The reason for this is the code for elem
(in core):
Rec {
-- RHS size: {terms: 21, types: 15, coercions: 0, joins: 0/0}
elem [InlPrag=NOINLINE[1], Occ=LoopBreaker]
:: forall a. Eq a => a -> [a] -> Bool
[GblId,
Arity=3,
Caf=NoCafRefs,
Str=<L,U(C(C1(U)),A)><L,U><S,1*U>,
Unf=OtherCon []]
elem
= \ (@a_a299)
($dEq_a29b :: Eq a_a299)
(ds_d2Jp :: a_a299)
(ds1_d2Jq :: [a_a299]) ->
case ds1_d2Jq of {
[] -> GHC.Types.False;
: y_a1kG ys_a1kH ->
case == @a_a299 $dEq_a29b ds_d2Jp y_a1kG of {
False -> elem @a_a299 $dEq_a29b ds_d2Jp ys_a1kH;
True -> GHC.Types.True
}
}
end Rec }
We won't get specialization since we don't have a unfolding. Which is the result of marking it as NOINLINE[1] and the fact that it's recursive.

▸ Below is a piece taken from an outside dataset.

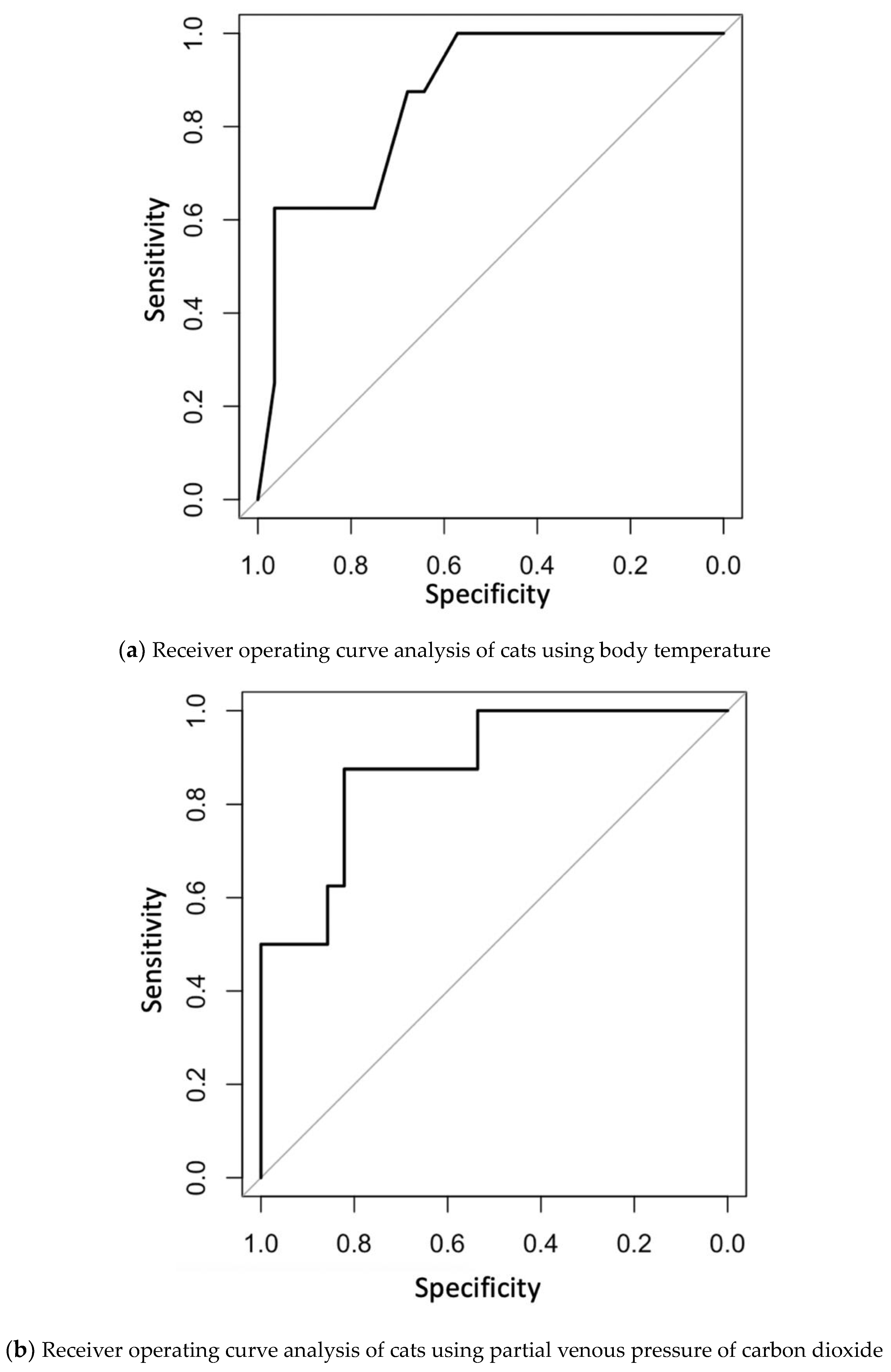 Vetsci 10 00232 g001 Vetsci 10 00232 g001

This means in the generated code for each list element we:
- Call GHC.Classes.== @Char which returns Chars instance for
==
- call stg_ap_0 to evaluate the function.
- return to stg_ap_pp, putting the arguments into regs.
- call the actual
==
function. - return to elem, check the result of the comparison and potentially
start over with the next element.
Ideally we could cache some of this work, but this seems to cause more overhead than it removes.
Proposals
I propose these changes purely for performance reasons.

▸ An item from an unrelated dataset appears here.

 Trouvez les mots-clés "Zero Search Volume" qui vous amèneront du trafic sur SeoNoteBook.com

I looked at these possibilities.
#18285).
Provide unfoldings so use sites can specialize (The downside is that we will generate more code. The upside is an extreme improvement in performance when specialization triggers.
To some degree code bloat could be reduced by providing specializations for some of the types in base.

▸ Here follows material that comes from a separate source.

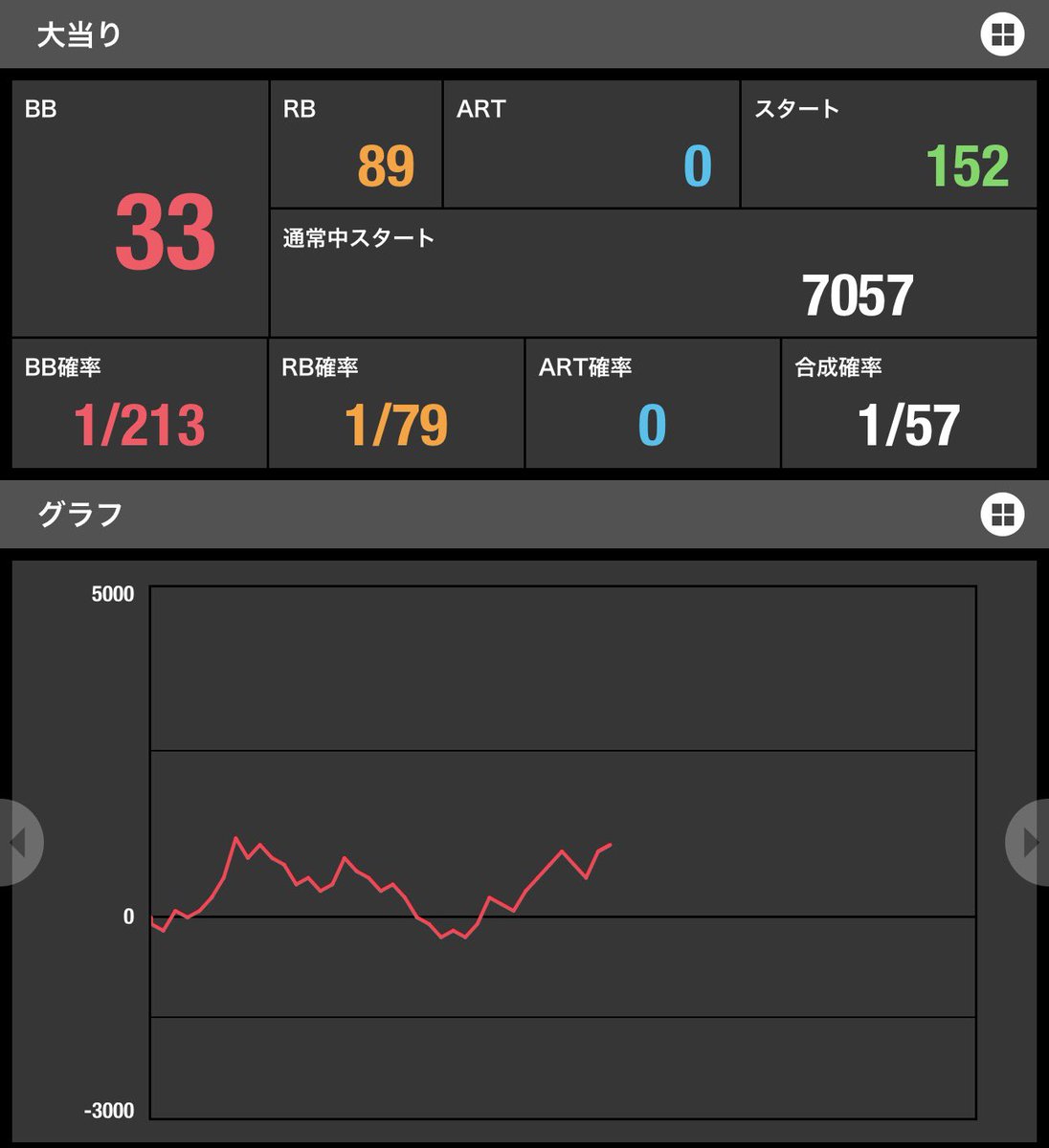 kashi【slot-eye開発】 tweet media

Rewrite using a local recursive function
This allows elem to be inlined and specialized without changing the existing pragmas.
Improves performance slightly over simply adding unfoldings.
Force the dictionary selector.
Rewrite elem like this:
{-# NOINLINE myElem #-}
myElem :: forall a. Eq a => a -> [a] -> Bool
myElem x !ys' =
go ys'
where
!eq = (==) :: a -> a -> Bool
go [] = False
go (y:ys) = eq x y || go ys
This has all the same properties as the existing implementation, except for better performance. It's big upside is that we don't risk code bloat (as we still don't provide a unfolding).
Overview
Results are for a list argument of length 7 and a frequent result of False.
Data.List.elem | Forced class selector + NOINLINE |
elem specialized |
elem with local go recursion |
|
---|---|---|---|---|
Run Time(s) | 3s | 2.1s | 1.3s | 1.1s |
Run Time (%) | 100% | -30% | -56% | -63% |
#no changes | no downsides | code bloat? | code bloat? |
The forced class selector variant get's better as lists get longer. But it's always better than elem.